This post was written by Megan Zavieh and originally published on on April 4, 2014.

Managing trust accounts – handling other people’s money – is one of the most sensitive things lawyers do, and one of the most common sources of ethical violations. You must know the rules.

Common Rules

Every state has its own set of rules, but the basics that are common to most:

Opening a trust account: Check your state rules for details on how a trust account must be held. It probably needs to be held in the state (no matter your physical location) and bear certain words in the title of the account (such as “attorney-client trust account”). Follow the rules to the letter.

Receiving retainers: When a client provides you with an up-front retainer before fees are earned, immediately deposit it in your trust account. You may not put money received for unearned fees in any other place, including your firm’s operating account.

Withdrawing funds: As soon as you earn fees, take them out of your trust account. Funds held in the trust account belong to the client and should be withdrawn. This does not mean you have to withdraw fees on a daily basis, but you do need to send out regular bills and you should be withdrawing earned fees from the trust account each period. This should really be done monthly.

Related: Essential Law Firm Billing Best Practices (Regardless of Firm Size)

Receiving fees already earned: If a client’s bill exceeds the amount held in trust and the client pays the balance after the fees have been earned, the check should not go into your trust account.

Disputed fees: If you are holding money in trust and you think you have earned fees that should be paid from that money, but you know that the client disputes your bill, do not take the fees out of the trust account. Any disputed fees must remain in your trust account until the matter is resolved. However, if some portion of the money held in trust is undisputed, you should take that portion out. Consider this situation:

You receive $10,000 from the client as a retainer. You work for the client and generate an invoice with a balance of $8,000. Before you take funds out of trust to pay this invoice, the client calls and says they think your bill is too high, and that they only owe you $7,000.

You should immediately withdraw the $7,000 as undisputedly earned, but leave the $2,000 not-yet earned and the $1,000 disputed amount in your trust account until the dispute is resolved.
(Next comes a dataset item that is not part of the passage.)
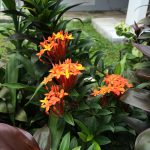 Mom's Garden 6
But what do you do when you have earned a fee, withdrawn the funds from trust to pay it, and then the client disputes the fee? In California, there is no rule that says you must return the now-disputed funds to trust. However, a recent unpublished decision of the State Bar Court Review Department stated that the attorney should have returned the funds to trust when the dispute arose, even though the funds had been undisputed at the time they were withdrawn. Absent clarification or a clear rule by your state that such an obligation exists, if this situation arises you should contact your ethics regulator to ensure compliance with your applicable rules.

Refunds: If the client demands return of money in trust and you have no claim to the funds for fees, immediately return it. In the example above, the $2,000 not-yet earned should be immediately refunded upon demand.

Segregation of funds: The general attorney trust account is for relatively-small amounts from many clients. Even though the money is in one bank account, it belongs exclusively to client who deposited it. This means that you cannot commingle the funds of one client with the funds of another, even though they are residing in one account. If a client provides you with $1,000 to hold to pay costs and his costs add to $1,200, you may not “borrow” $200 from another client’s funds in trust account to pay the bill.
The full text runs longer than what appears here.